Assign [array of byte] to a Variant with no Unicode conversion - delphi

Consider the following code snippet (in Delphi XE2):
function PrepData(StrVal: string; Base64Val: AnsiString): OleVariant;
begin
Result := VarArrayCreate([0, 1], varVariant);
Result[0] := StrVal;
Result[1] := Base64Val;
end;
Base64Val is a binary value encoded as Base64 (so no null bytes). The (OleVariant) Result is automatically marshalled and sent between a client app and a DataSnap server.
When I capture the traffic with Wireshark, I see that both StrVal and Base64Val are transferred as Unicode strings. If I can, I would like to avoid the Unicode conversion for Base64Val. I've looked at all the Variant types and don't see anything other than varString that can transfer an array of characters.
I found this question that shows how to create a variant array of bytes. I'm thinking that I could use this technique instead of using an AnsiString. I'm curious though, is there another way to assign an array of non-Unicode character data to a Variant without a conversion to a Unicode string?

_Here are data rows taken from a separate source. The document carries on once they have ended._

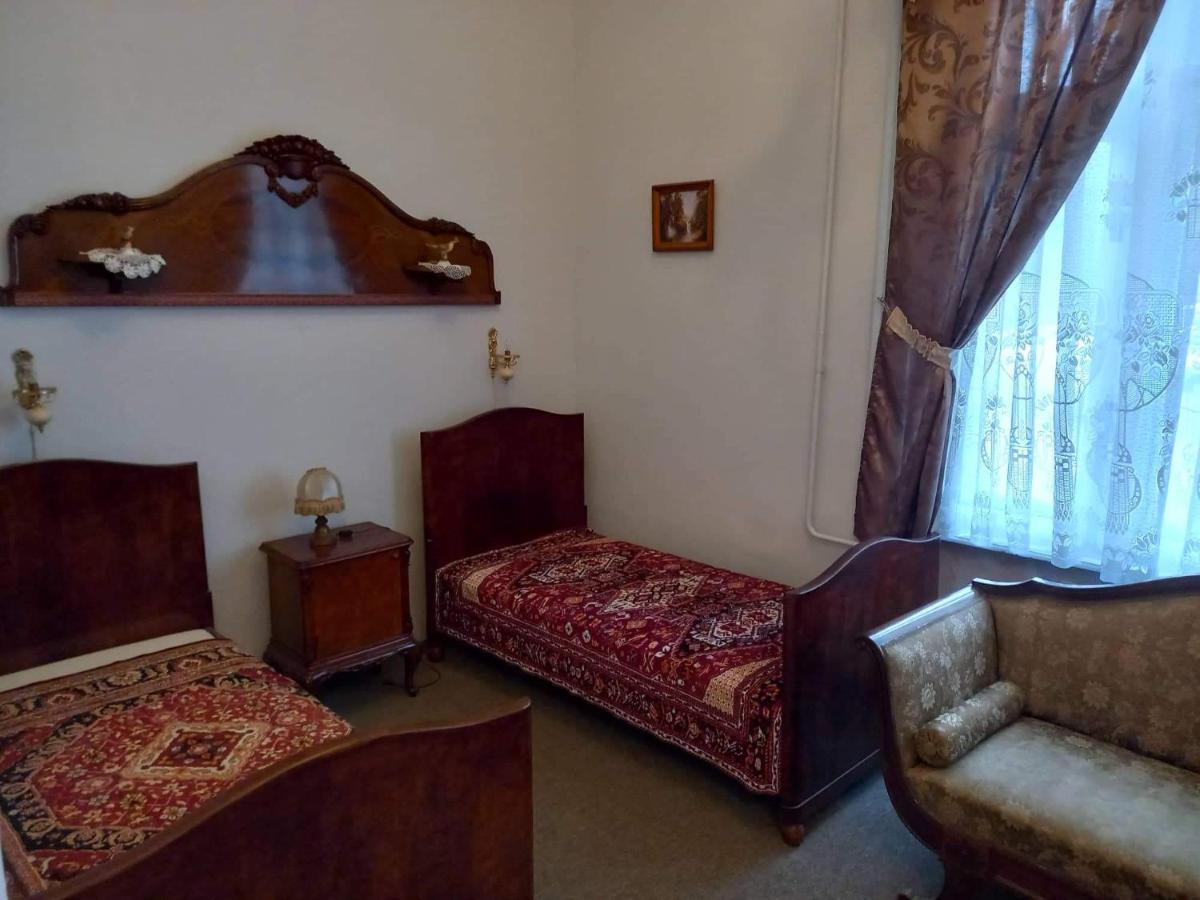 Meller-Kastely Villa Csurgo ภายนอก รูปภาพ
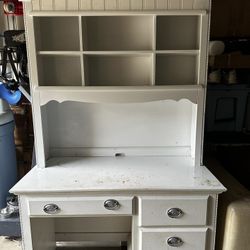 White desk with detachable bookshelf and sliding keyboard tray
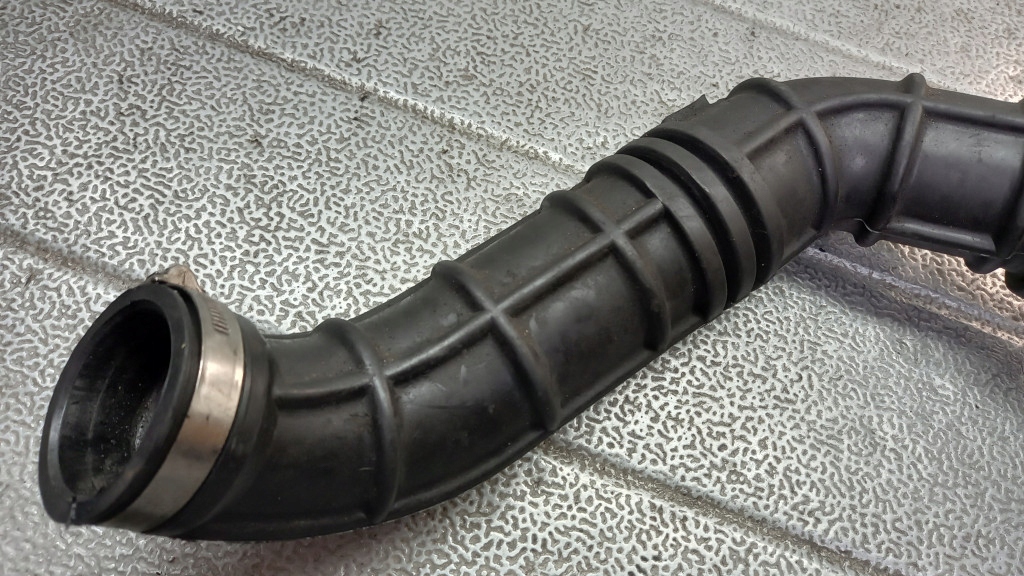 фото №5, Труба воздуха volvo v40 1.9td mb957388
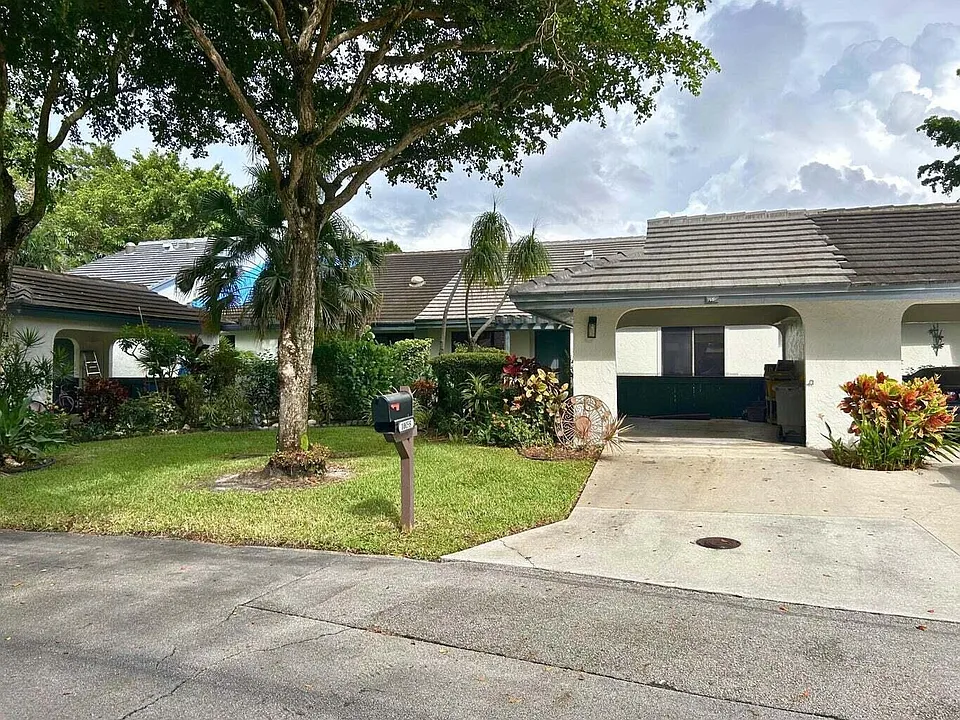 10058 Laurelwood Pl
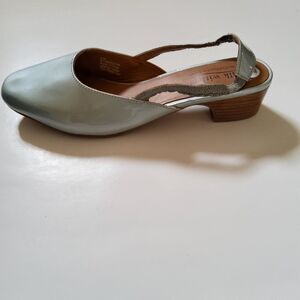 Walk With Me by Coldwater Creek Patent Leather Slingback Flats Loafers Shoes 7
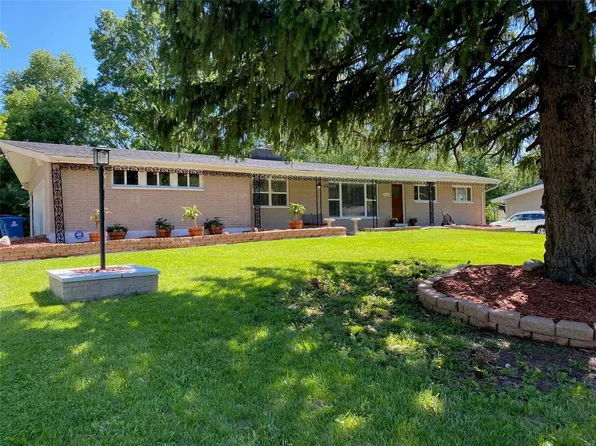 1556 Bayonne Dr, Saint Louis, MO 63138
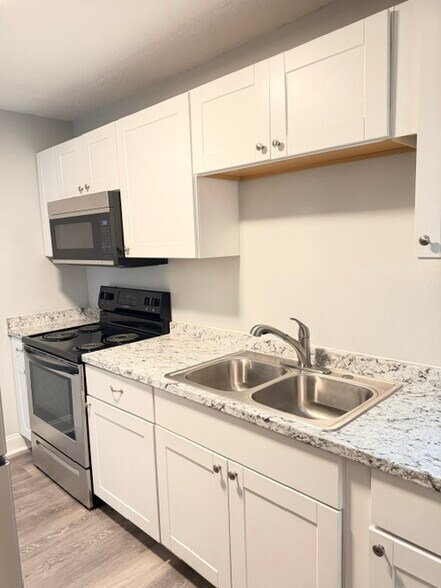 Building Photo - 3415 Gilmer Ct
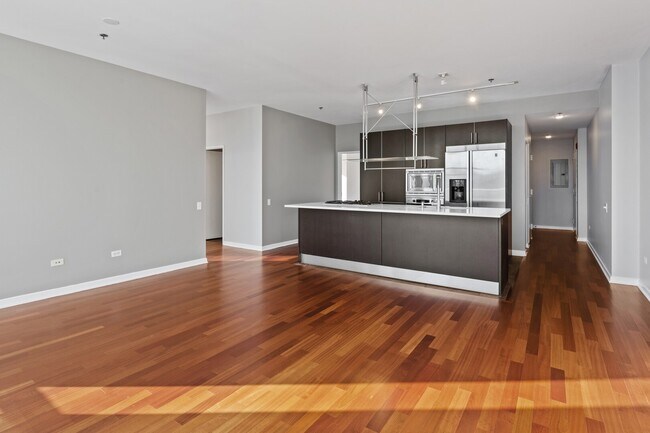 Foto del edificio - 653 N Kingsbury St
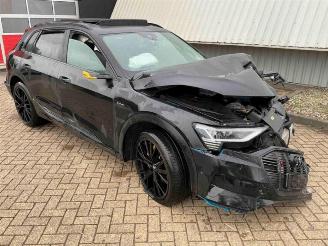Salvage car Audi E-tron E-tron (GEN), SUV, 2018 55 quattro 2019/11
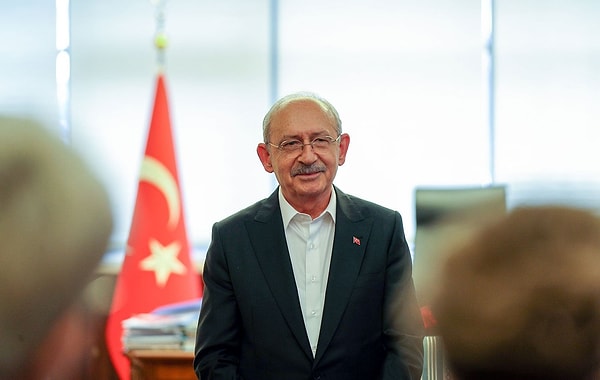 Kılıçdaroğlu’nun, “Adaylığınız açıklanana kadar geçen sürede ‘Sadece 5'li çete değil bazı finans çevreleri’ tarafından da size karşı duvar örüldüğünü söylediniz. Bugün de bu finans çevrelerinin size karşı duvar olacağını düşünüyor musunuz?” sorusuna verdiği cevap şu şekilde;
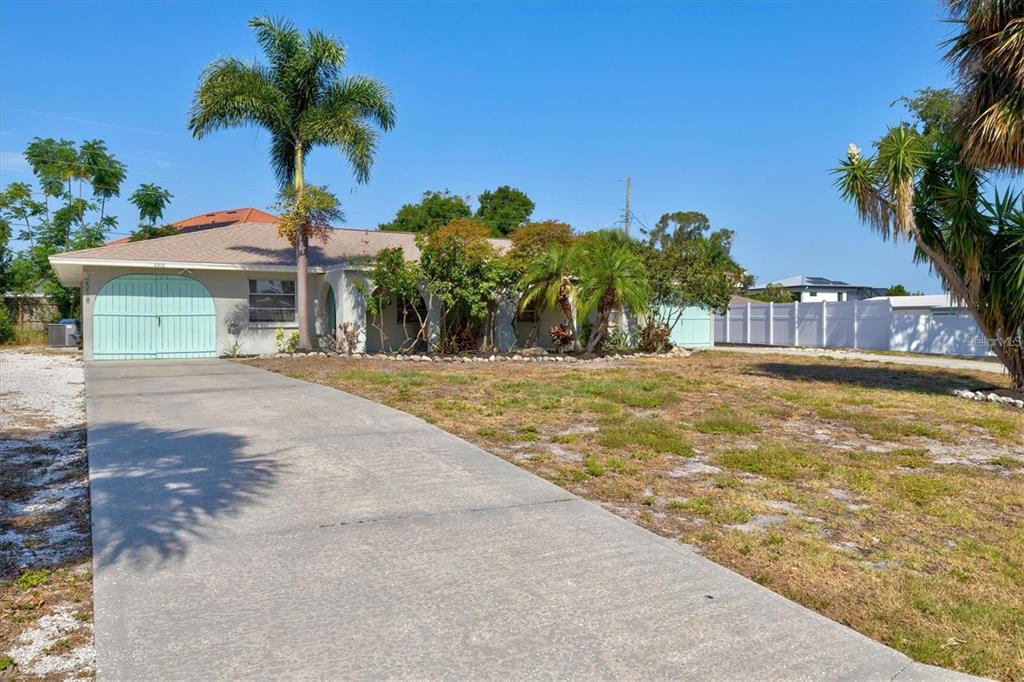 2214 MICHELE DRIVE, SARASOTA, FL — photo 2 of 30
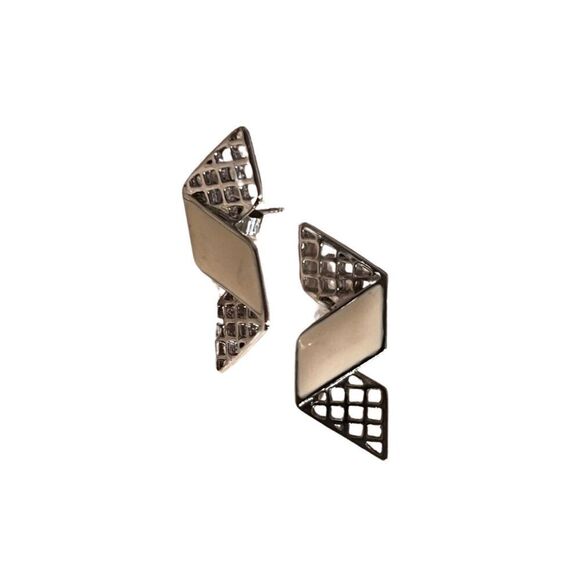Vintage Cream & Silver Zig Zag Geometric Stud Earrings - Picture 6 of 7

Delphi's implementation supports storing AnsiString and UnicodeString in a Variant, using custom variant type codes. These codes are varString and varUString.
But interop will typically use standard OLE variants and the OLE string, varOleStr, is 16 bit encoded. That would seem to be the reason for your observation.
You'll need to put the data in as an array of bytes if you do wish to avoid a conversion to 16 bit text. Doing so renders base64 encoding pointless. Stop base64 encoding the payload and send the binary in a byte array.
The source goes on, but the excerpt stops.